If you believe the rumours, subprime is back. A number of lenders are now catering for borrowers with impaired credit history. Indeed, lenders like Bluestone and Pepper have made it clear that they are ready and willing to offer loans to those who have experienced financial problems or difficulties in the past. So is this a good thing? Or not?
Well, let’s be clear subprime has its shady reputation for a reason. Lest we forget, British banks lost more than £12bn in bad debts after the US property market imploded in 2007. This led, in turn, to the collapse of Northern Rock (at a cost of over £26bn to British taxpayers), the abolishment of the UK’s Financial Services Authority (due to perceived regulatory failures) and a dismal climate of recrimination and anger. In the long term, it helped to create a sustained era of austerity and a decline in growth that continues, many would argue, to this day- quite a legacy.
In the years following the crash however, the subprime market fell (from over 7000 ‘credit impaired’ products on sale as of February 2007 to zero by October 2009) as stricter rules on mortgages were introduced.
Yet, as lending conditions eased under George Osborne and house prices continued to rise, demand for affordable housing grew accordingly. With post-Brexit anxieties leading to lower forecast rates of growth and relative job stability, moreover, tightening mainstream loan criteria have led to a demand increase in ‘unconventional’ loans with which to accommodate the many millions of people within this country who have incurred problem debts or are struggling with low incomes. In effect, demand is high but opportunities are low for aspiring house owners of a certain calibre and this has provided the perfect backdrop for the return of subprime.

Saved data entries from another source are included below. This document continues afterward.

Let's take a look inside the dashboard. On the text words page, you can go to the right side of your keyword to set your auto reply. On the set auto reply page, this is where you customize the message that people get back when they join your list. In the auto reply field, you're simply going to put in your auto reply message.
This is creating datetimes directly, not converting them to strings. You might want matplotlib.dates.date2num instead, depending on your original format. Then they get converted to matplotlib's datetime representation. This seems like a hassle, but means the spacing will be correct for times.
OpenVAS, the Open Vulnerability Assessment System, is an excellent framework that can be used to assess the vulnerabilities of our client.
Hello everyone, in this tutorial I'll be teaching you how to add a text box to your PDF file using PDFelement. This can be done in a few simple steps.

So, should we be concerned? Do we stand upon a precipice of renewed financial disaster or a new era of opportunity and inclusiveness? Well, it’s worth remembering that, in and of itself, subprime was never a terrible idea. In a market driven economy it is obviously right that those markets should cater to borrowers of varying financial backgrounds so long as they can be conceivably judged to afford it.
We shouldn’t forget that for all the odium, subprime mortgages helped hundreds of thousands of people to become homeowners, irrespective of blemish free credit records. Secondly, we need to recognise that legislation has changed and that ‘old style’ subprime mortgages no longer really exist, and rightly so.

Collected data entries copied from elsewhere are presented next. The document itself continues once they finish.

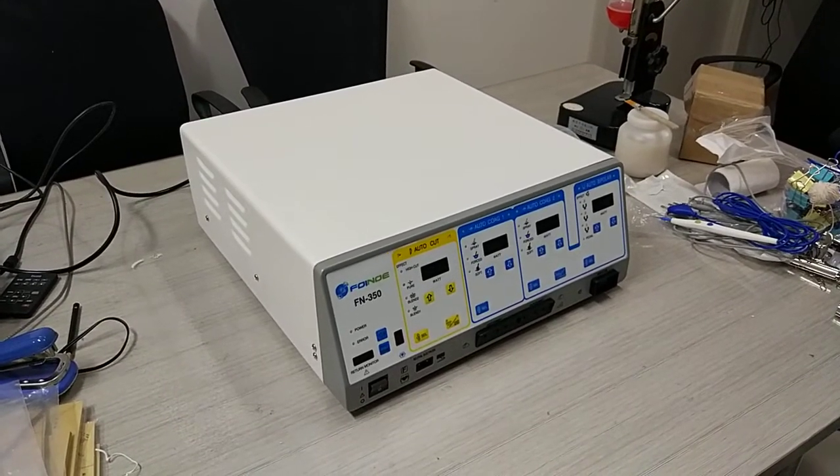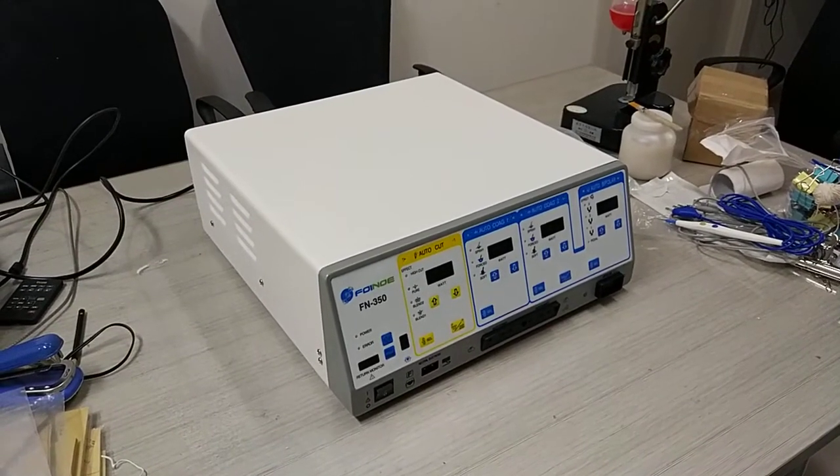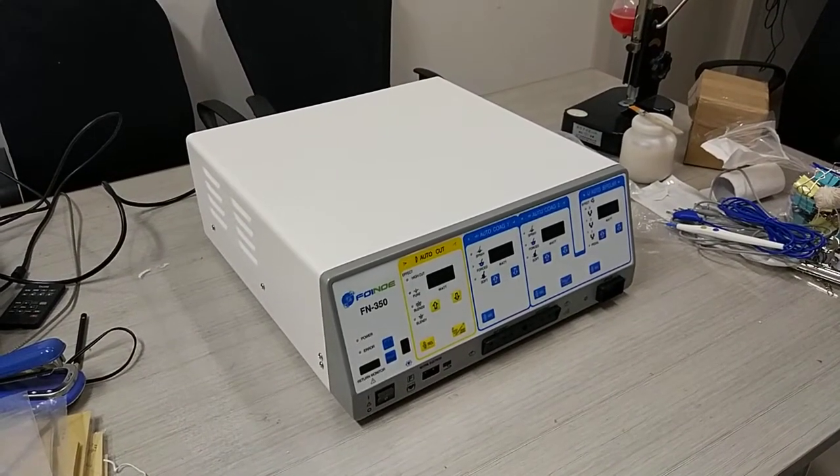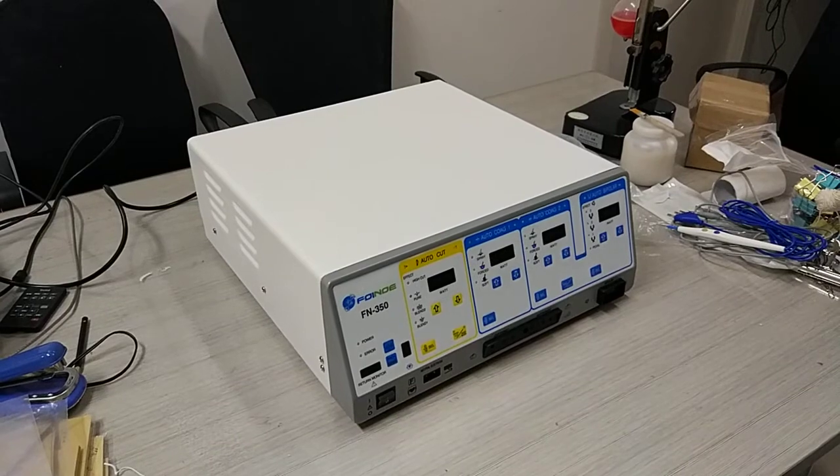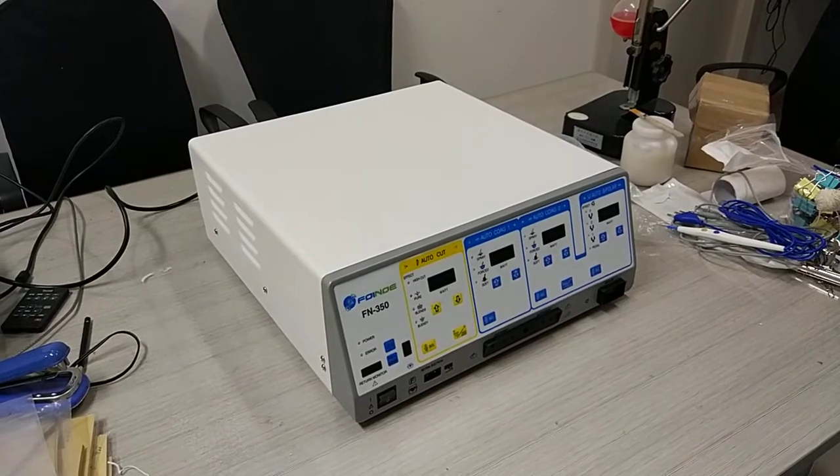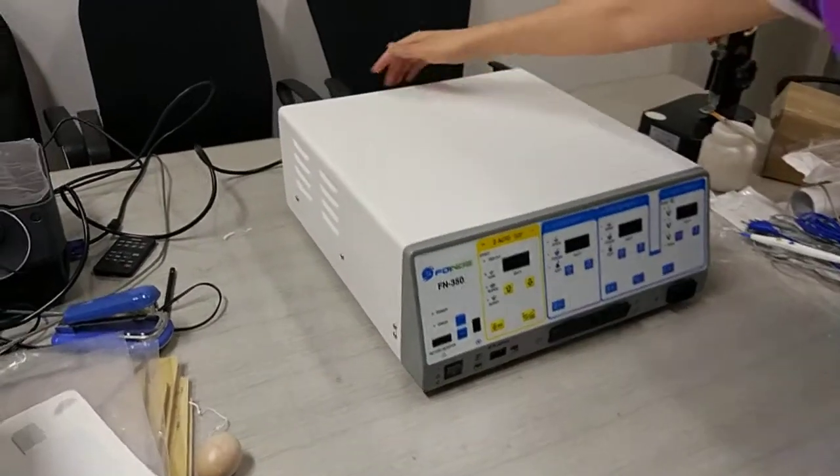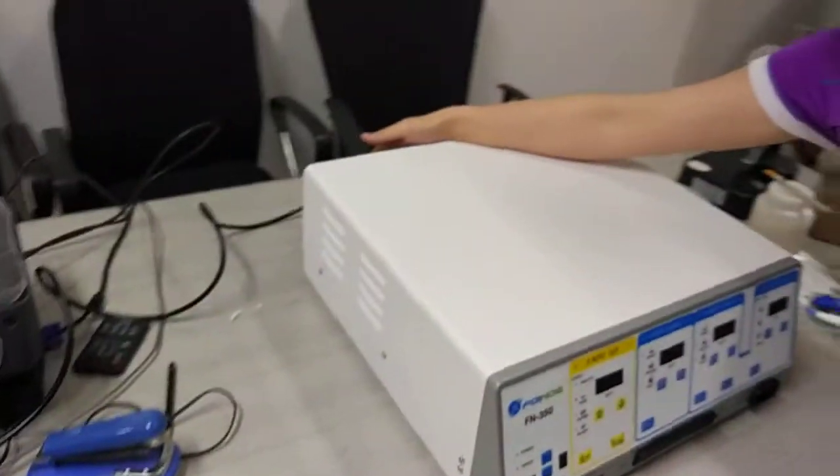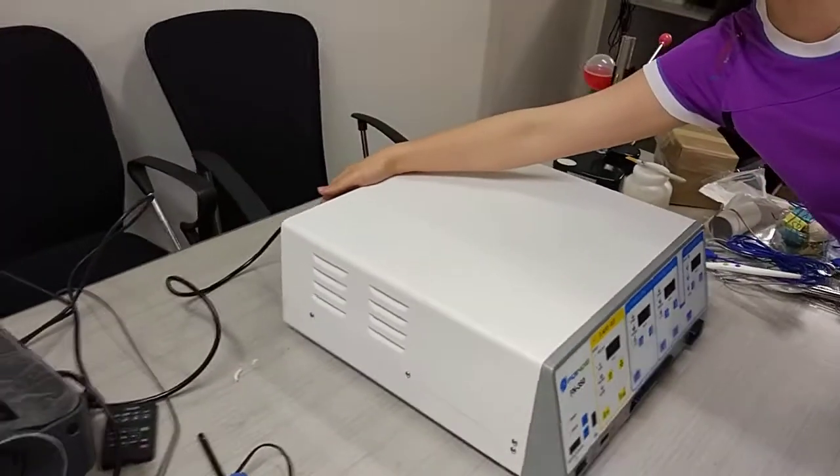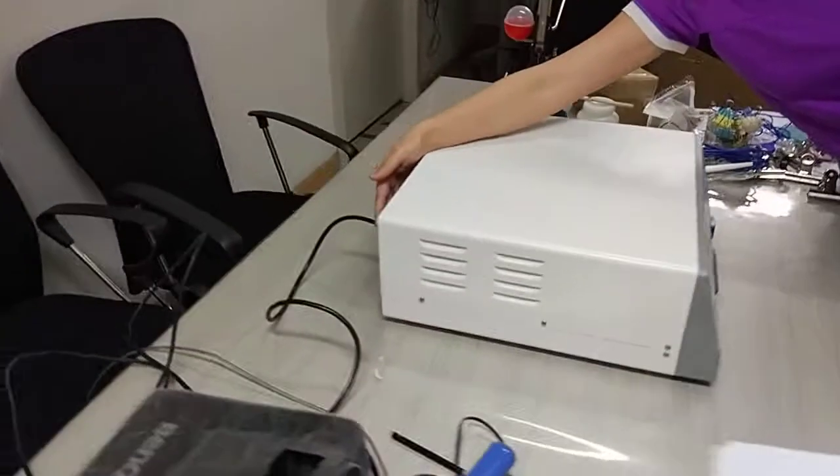How to operate our electrosurgical units. First, before you turn on the power button, try to make sure the power cord is connected to our machine here.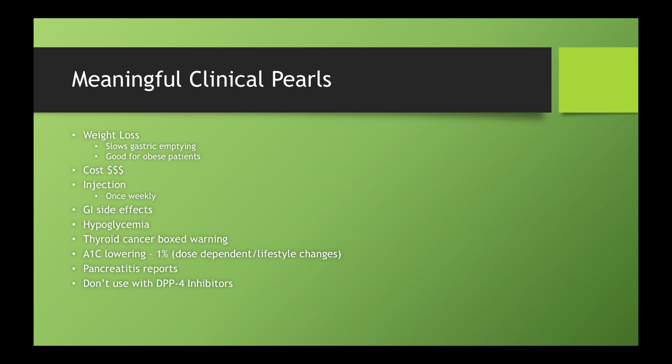A1c lowering, this kind of varies based upon dose and also patient specific factors if they're eating well, if their diet's good. Now compared to a year ago, obviously that can impact the A1c as well as the medication. But a ballpark 0.5, 1%, somewhere in there in studies is typically where these drugs have fallen as far as drop in A1c.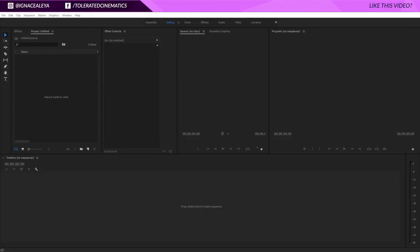Hello, I'm Ina Zalea from toleratedcinematics.com and today I will be showing you how to work with essential graphics inside of Adobe Premiere Pro.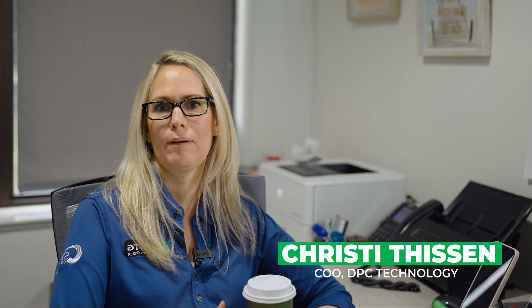Hey guys, Christy here from DPC Technology, and today I want to talk to you guys about Microsoft Copilot.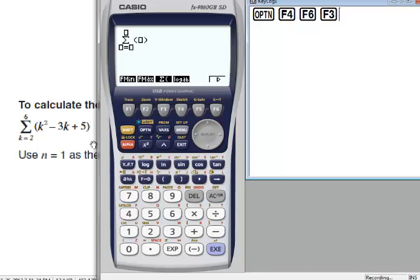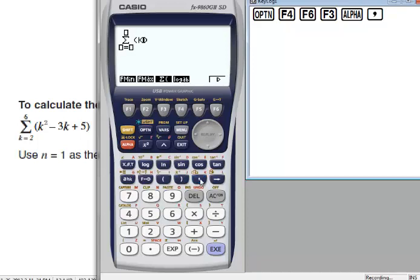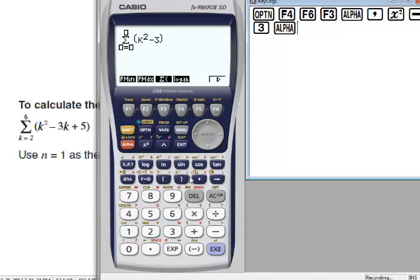I will write the formula k squared minus 3k plus 5. To write k squared, I will press Alpha — k is written in red — so I will press Alpha comma, squared minus 3 Alpha comma, plus 5.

Indeed, perhaps to begin with we could do with a rebranding exercise- to wash away the toxic connotations that continue to swirl around the product, causing people of sound judgment to run a mile.
With the rise in the number of self-employed or contract workers as well as borrowers with tainted credit ratings, many new mortgages have been developed with extra safeguards in place to help borrowers and protect our industry alike. It doesn’t seem like too much of a leap to assert that mutually beneficial mortgages such as these can help to grow the economy, increase profits and provide new hope so long as people on both sides conduct themselves responsibly.
Responsibility and diligence are the keys to future security and success. Although most of the issues surrounding lax or degenerate lending in the build-up to the financial crash were largely unrelated to the activities of mortgage intermediaries, it is still important to recognise what went wrong and innovate changes based upon those findings.
Much of these changes have been dictated by the FCA, under MMR and MCD rules. Increased focus on affordability – not just for now but for the future too – will help to mitigate the risks and as long as lenders, brokers and indeed customers recognise that the subprime of the past cannot return we should be OK.
Indeed, there is no reason why brokers cannot shake off the ghosts of the past and turn subprime into the success story it always could have been.